Sheikh Aminu Daurawa stepped down a day after state governor Abba Kabir Yusuf accused the Sharia police, called Hisbah, of assaults and dehumanising suspects during operations against hotels, brothels and immoral joints.
The rift highlights the divisions over how social media influencers are managed in northern Nigeria’s conservative Muslim society, with clerics opting for a harsh approach and politicians preferring more conciliatory engagement.
“I apologise to the governor who is infuriated by what we have done and hereby resign,” Daurawa said in a video he posted online Friday.
He said that his aim was “instilling moral sanity” and that he tried encouraging filmmakers and TikTok users to “sanitise” their content to “make them tally with religious and cultural values”.
“Some of them have continued with the immoral acts and we have done what we believe is the best in that regard,” Daurawa said.
He was apparently referring to the arrest and arraignment in court of social media influencers for posting semi-nude videos and others containing obscenities considered immoral.

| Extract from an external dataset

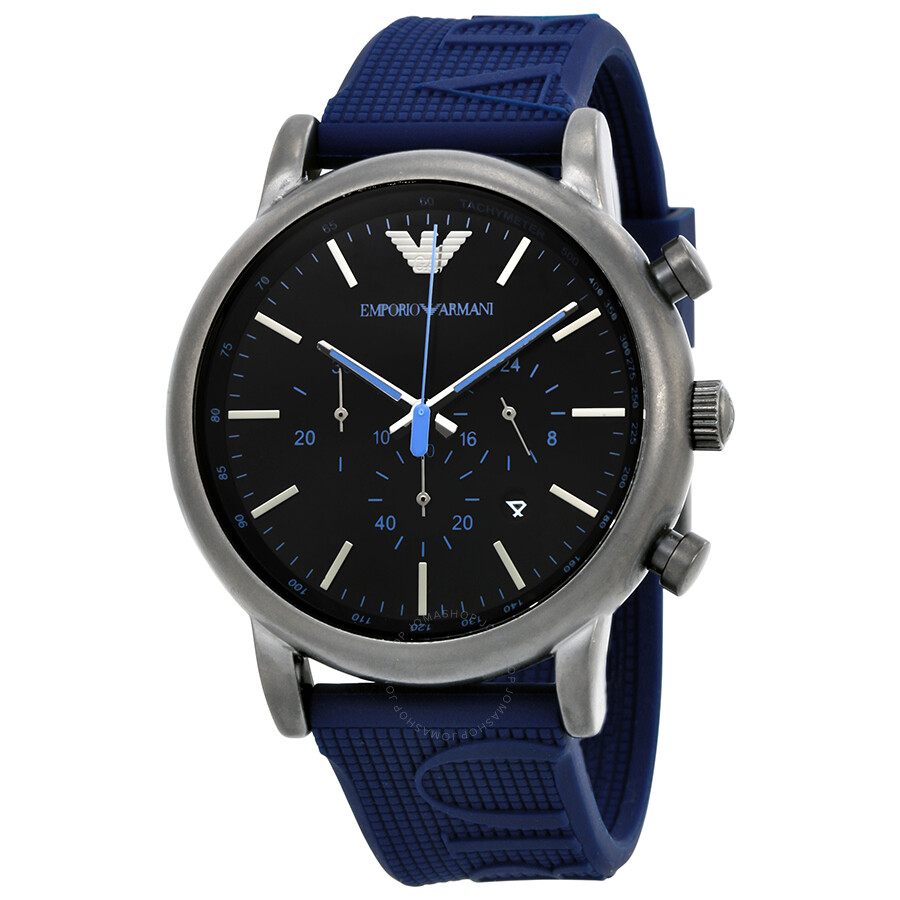 emporio armani black chronograph watch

Murja Kunya, a TikTok celebrity with a huge following, is on trial for immoral social media videos while Ado Gwanja, a popular singer, was declared wanted by a judge for releasing a song the Hisbah deemed immoral.
Kano is one of 12 predominantly Muslim northern states where Islamic Sharia law runs side by side with common law.
The state government established the Hisbah in 2000 to enforce Sharia provisions, which mandated it to raid taverns and brothels and crack down on all forms of immorality.
The force is also empowered to sanction filmmakers and social media influencers over content deemed to contravene Sharia morality.
‘Serious mistake’
During a meeting with Muslim clerics in his office on Thursday, Yusuf chided the Hisbah for high-handedness in carrying out raids that endangered the lives of suspects and exposed them to abuse.
“I saw a video clip that disturbed me… Young men and women were pursued with sticks to make them trip and fall,” Yusuf told the gathering.
“They were being seized like goats and thrown into vans… We think this is a serious mistake,” Yusuf said.
He called on a change in Hisbah strategy and warned that such dehumanisation and strictness would only harden the young people they were meant to reform.
Yusuf suggested joint raids of suspected immoral spots by Hisbah, police and paramilitary civil defence personnel who would arrest suspects and hand them over to relevant authorities for prosecution.
“Preaching with wisdom, compassion and understanding is what brings a delinquent back to his senses and leads him to repentance and be reintegrated into society,” Yusuf said.